Coordinazione nella guida stradale

L’idea di coordinazione può essere illustrata a partire da un esempio pratico. SI pensi alle regole della guida su strada, che impongono ai veicoli di guidare a sinistra o a destra della carreggiata. Esse non sono universali: in Italia è tanto scontato guidare a destra così come è in Inghilterra guidare a sinistra. Pertanto, tale convenzione discrezionale non è altro che il frutto delle nostre abitudini, cristallizzato nel codice della strada. Infatti, al fine di evitare la collisione tra veicoli è indifferente guidare tutti a destra o a sinistra, purché tutti guidino dallo stesso lato. in ogni caso, se due automobilisti guidano dalla stessa parte della strada, l’utilità è positiva per entrambi; se, invece, guidano su lati diversi, ciò causa danno e svantaggio ad entrambi.
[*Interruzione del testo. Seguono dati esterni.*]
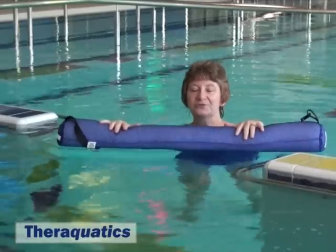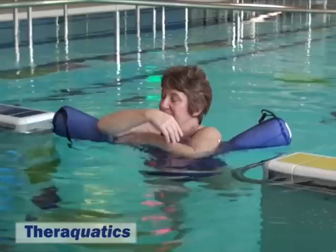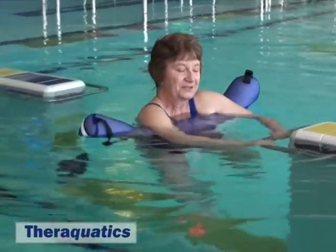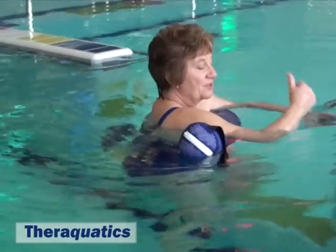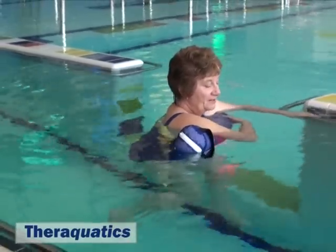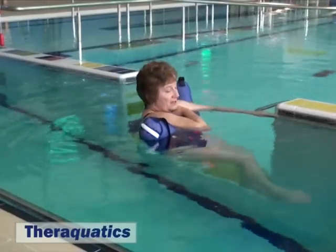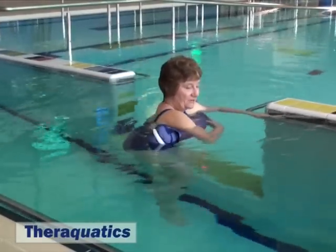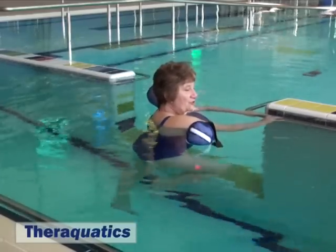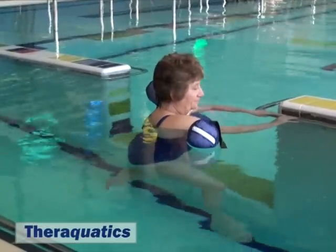The sausage float can be used in the deep water to do leg exercises. Placing it in the front of your body, under your shoulders, then coming into the deep water allows the body to hang vertically. If the float is behind, often people will lean too far back and end up straining their legs. With it in the front, they will hang in a vertical position which helps to stretch the hips and lengthen the legs down in the deep water.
Giochi di coordinazione e equilibri

Lo scenario della guida su strada costituisce un gioco di coordinazione perché in esso esistono più equilibri, che impongono l’attuazione delle medesime strategie a tutti gli agenti; tale scenario crea una coordinazione pura perché tra gli agenti non vi è conflitto: tutti preferiscono gli stessi equilibri, i quali sono sempre pareto-ottimali perché massimizzano, rispetto agli altri profili, le utilità per entrambi gli agenti (la collisione di due veicoli provocherà nocumento ad entrambi i guidatori e la scelta della guida nello stesso lato della strada eviterà la collisione ad entrambi).

Contributo di Lewis e Schelling

Il filosofo americano Lewis ha annoverato giochi di questo tipo nell’ambito delle convenzioni sociali. Egli è giunto a questa conclusione traendo spunto dal pensiero dello studioso Schelling, il quale aveva asserito che nei giochi di coordinazione, simultanei e pareto-ottimali, gli agenti possono sempre trovare una soluzione sulla quale coordinarsi partendo proprio dalle convenzioni. La strategia scelta non sarà altro che la forma di una convenzione tacita e tale soluzione sarà la più adeguata se gli agenti credono che lo sia. A tal proposito, Schelling ha parlato di «punti focali del gioco», cioè di soluzioni salienti, così definite perché determinate da fattori culturali condivisi (come essere italiani) o da tratti comuni di tipo cognitivo o biologico.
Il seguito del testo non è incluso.